Question : Au début des années 2000, vous vous êtes lancé dans la fiction en publiant un roman intitulé la mort de l’entomologiste. Vous abordez les événements de la décennie noire sous un angle original, celui d’une enquête policière.
Réponse : C’était une fiction qui n’évoquait pas nécessairement la décennie noire. Je voulais aborder la question de la montée de l’islamisme. C’était un roman noir. Je voulais continuer dans la même lancée, mais en Algérie ce n’est ni évident ni facile. Il y a trop d’embûches et de bâtons dans les roues. Par ailleurs, lorsqu’on écrit en français, il faut publier en France, obéir à une ligne, à des injonctions… Cela, je ne veux pas le faire.
Question : Le personnage principal est une artiste peintre…
Réponse : Je suis parti d’un fait réel, le cas d’une artiste peintre qui peignait des nus, son mari est un ingénieur agronome. J’ai voulu aussi rendre hommage à deux universitaires, un spécialiste des fourmis rouge, et un poète enseignant dans une école d’agriculture, Youcef Sebti, assassiné dans sa chambre de l’école, à El Harrach. A travers ce livre, je voulais poser des questions sur la créativité, sur la possibilité pour une femme de peindre des nus, aborder de front la problématique des tabous en terre d’islam… J’ai voulu aussi toucher du doigt une autre problématique ; celle du marché de l’art, qui est totalement désorganisé en Algérie.
Question : Alors que Biskra est votre source d’inspiration, vous avez placé l’action de ce roman dans la Mitidja et les monts de Blida. Pourquoi ce choix ?
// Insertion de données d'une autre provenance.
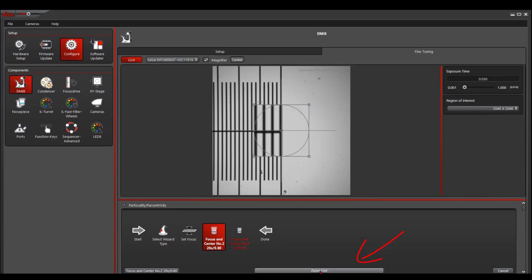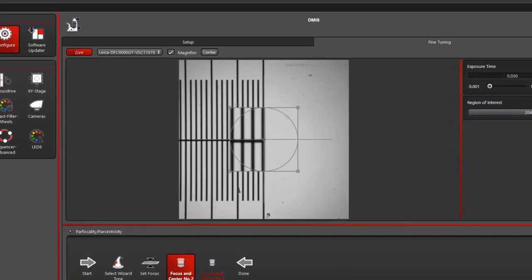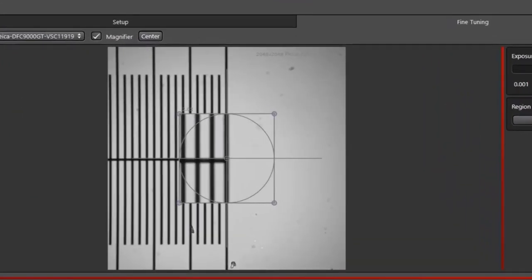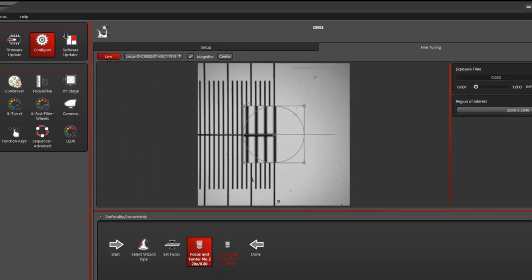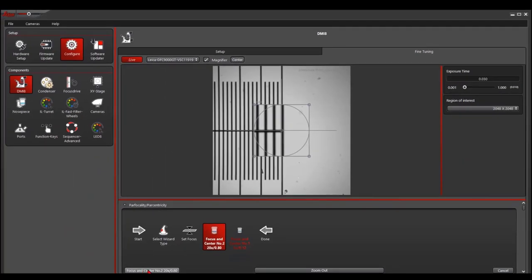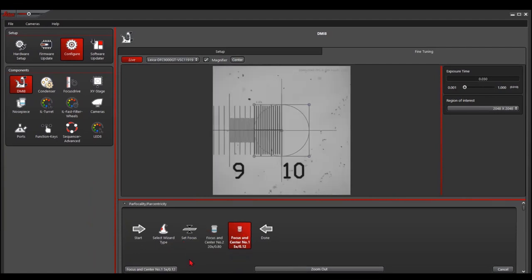You can click zoom in to get a better feel. I usually go to the top left corner of the cross. Then click focus and center. It will move to the next lens. Then we do the same thing.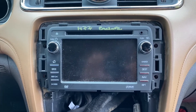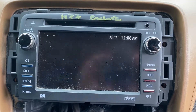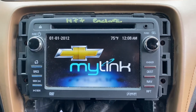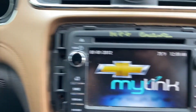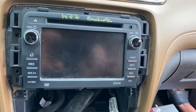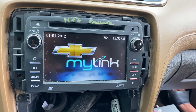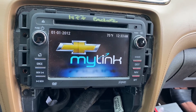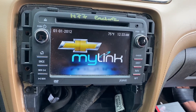Hi guys, welcome to my channel. Today we are going to program this radio. As you can see, it is actually the Chevy MyLink unit, but we are going to install it in a Buick and program it to have a Buick logo and also a Buick IntelliLink software. Now we are going to reflash it and program it to the Buick IntelliLink system.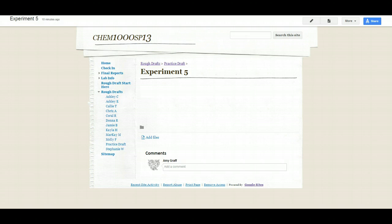In another video, I showed you how to create a chart from a spreadsheet in Google. Now I want to show you how to insert that chart into your experiment.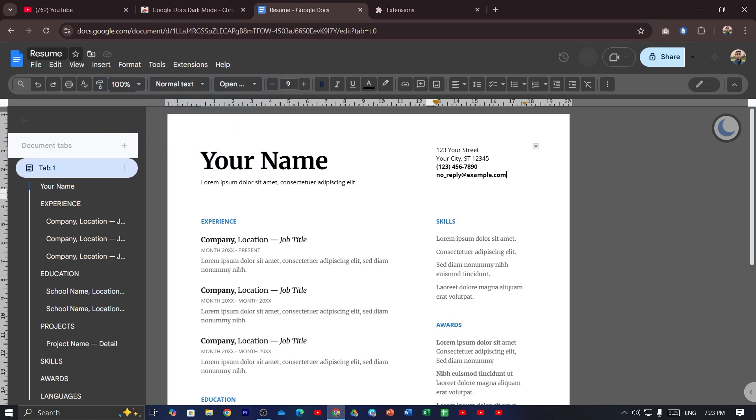You can see dark mode has been turned on successfully. And that is how you can turn on dark mode on Google Docs in your Windows laptop or PC.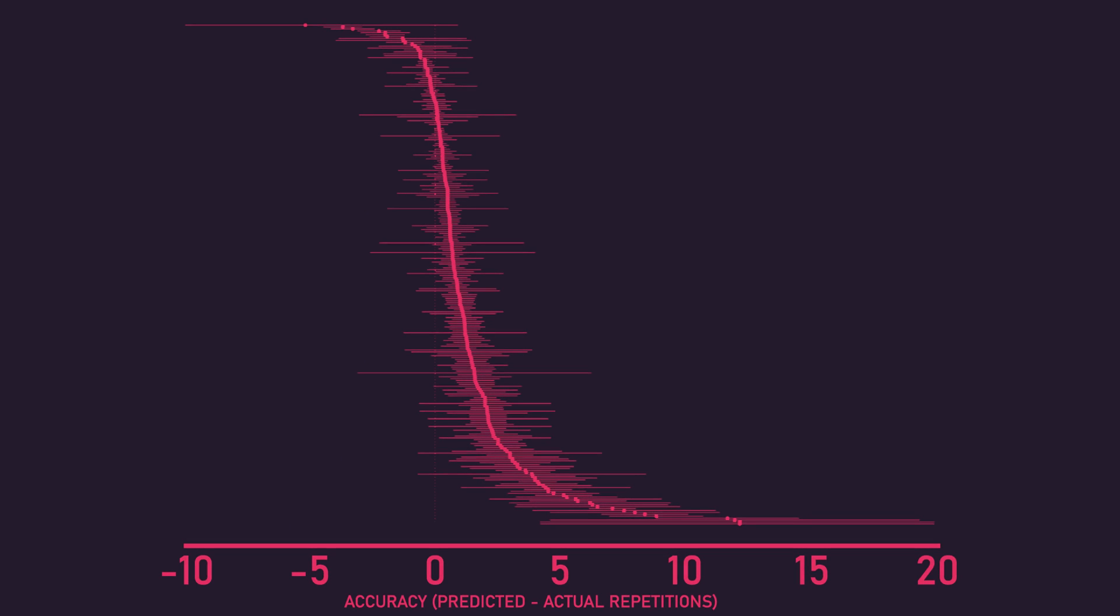Let's move on to the results. Combining the 12 studies results, on average, subjects actually only underestimated their proximity to failure by 1 repetition. Although, as evidenced by the graph, there was quite some variation.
Parce que la Mitidja, pendant longtemps, c’était le poumon d’Alger. C’était une terre fertile, qui nourrissait la capitale. Mais pendant la décennie noire, c’était devenu le triangle de la mort. Par conséquent, c’est un terreau fertile pour créer une intrigue, c’est un décor magnifique pour une belle histoire dramatique, avec toutes les questions existentielles sous-jacentes autour de l’art et la liberté de création… Comme en plus, je suis fasciné par la peinture, fatalement ça se répercute sur mon imaginaire. Peintre en Europe, c’est très banal, mais chez nous, ça devient un acte héroïque, un fait de résistance.
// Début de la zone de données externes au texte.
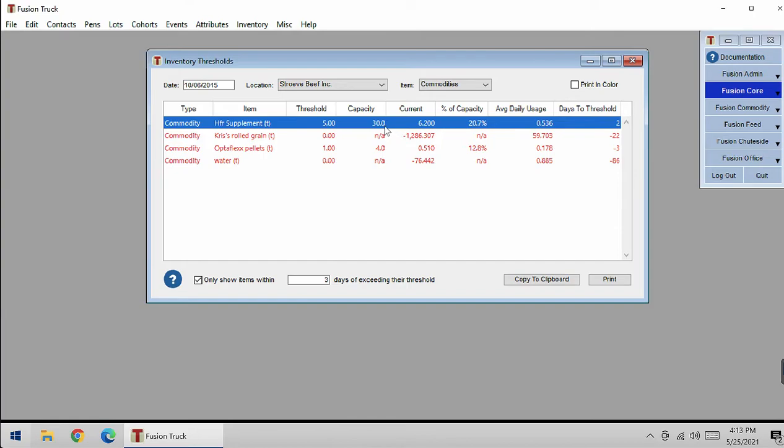The capacity is basically what we wanted, how much we want in the feedlot at all times. This is our current count. This is the percentage of our capacity and our average daily usage.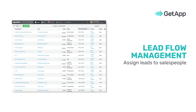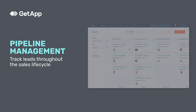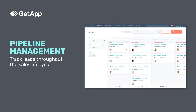Common lead management software features include lead flow management, which assigns opportunities to salespeople either automatically or manually. Pipeline management tracks the status of a lead throughout the sales lifecycle.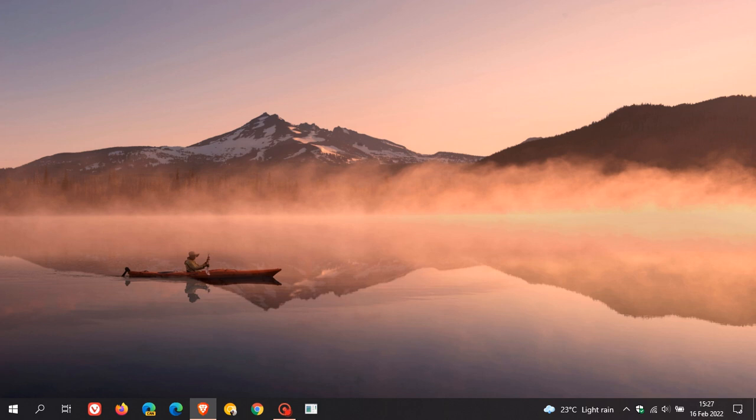Hi, Brentech here where tech is made simple. Windows 10 update KB5010415 is now available and started rolling out on the 15th of February 2022.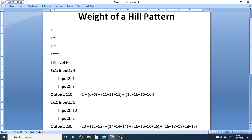Hello everyone, welcome to my channel. I have come up with one more logic building problem that is the weight of a hill pattern.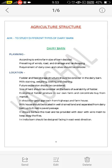Water and feed store structure should be considered in the dairy barn. Also, milk straining, weighing, cooling and cleaning, as well as future expansion should be considered in dairy barns. Then, size of the herd should be considered on the basis of availability of fodder — economical fodder produced on the farm and concentrates from the market. It should have good approach from highways and the farmhouse. Generally, the milk house should be located on well-drained land and separated from the dairy barn by up to 6 meters per passage.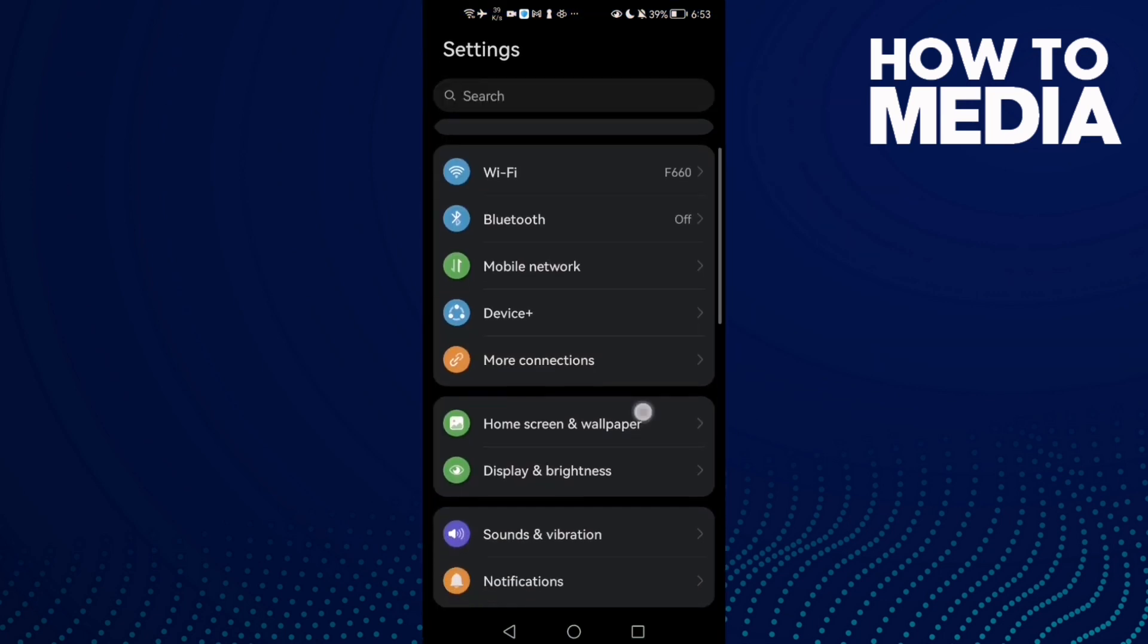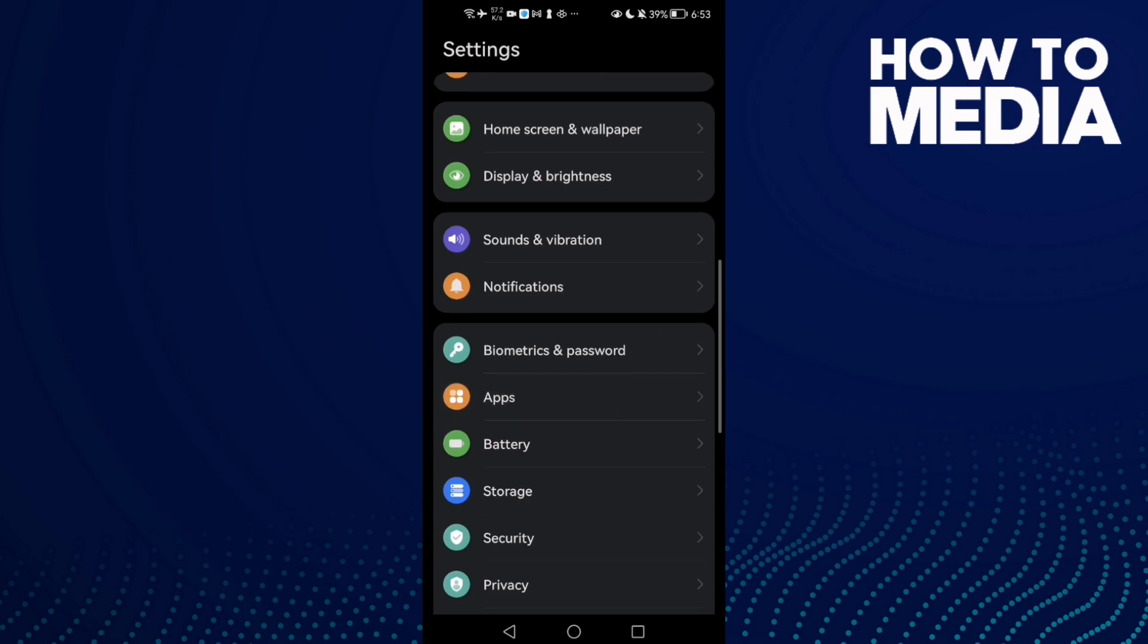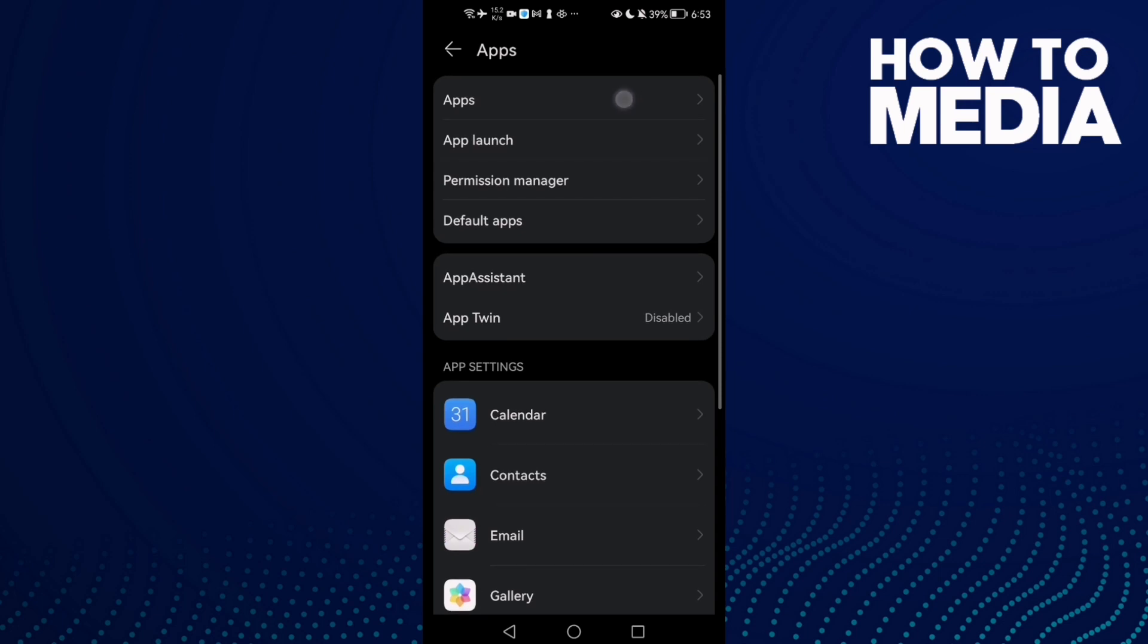Then scroll down until you find Apps, and then click Apps again or Applications.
Question : Vous avez fait un livre merveilleux sur Zaatcha, une cité oasienne rasée par le colonialisme français en 1849…. La résistance de Zaatcha est une page glorieuse de notre histoire, et pourtant elle est peu connue.
Je n’ai pas écrit ce livre sur Zaatcha en tant que spécialiste, parce qu’il y a eu quelques thèses très intéressantes là-dessus. … Enfin, il faut signaler que là on retrouve ma fascination pour la peinture, parce que le drame de Zaatcha a poussé de nombreux peintres français à prendre cette oasis rasée comme sujet de leurs toiles… C’était la première fois que l’armée française était confrontée à une oasis. D’ailleurs, en 2002, il y a eu un exercice sur le cas Zaatcha à l’école militaire de Saint-Cyr.
Ce qui m’a poussé à écrire ce livre, c’est le fait que les Algériens étaient mus par un idéal lié à l’amour de la terre. Les confréries religieuses avaient joué un rôle capital. Si les Algériens se battaient aussi farouchement et aussi courageusement, c’est qu’ils avaient une conscience politique liée à la terre, qui ne se manifestait pas sous des formes politiques modernes. C’était une conscience viscérale, innée. Mais elle pouvait prendre d’autres formes, pour s’adapter aux événements. Je m’explique : quelque part, l’insurrection de Zaatcha était aussi une réaction aux événements qui avaient eu lieu en France, le soulèvement des Français contre la monarchie… Ils se sont dit : «Si les Français se sont révoltés, pourquoi pas nous ?».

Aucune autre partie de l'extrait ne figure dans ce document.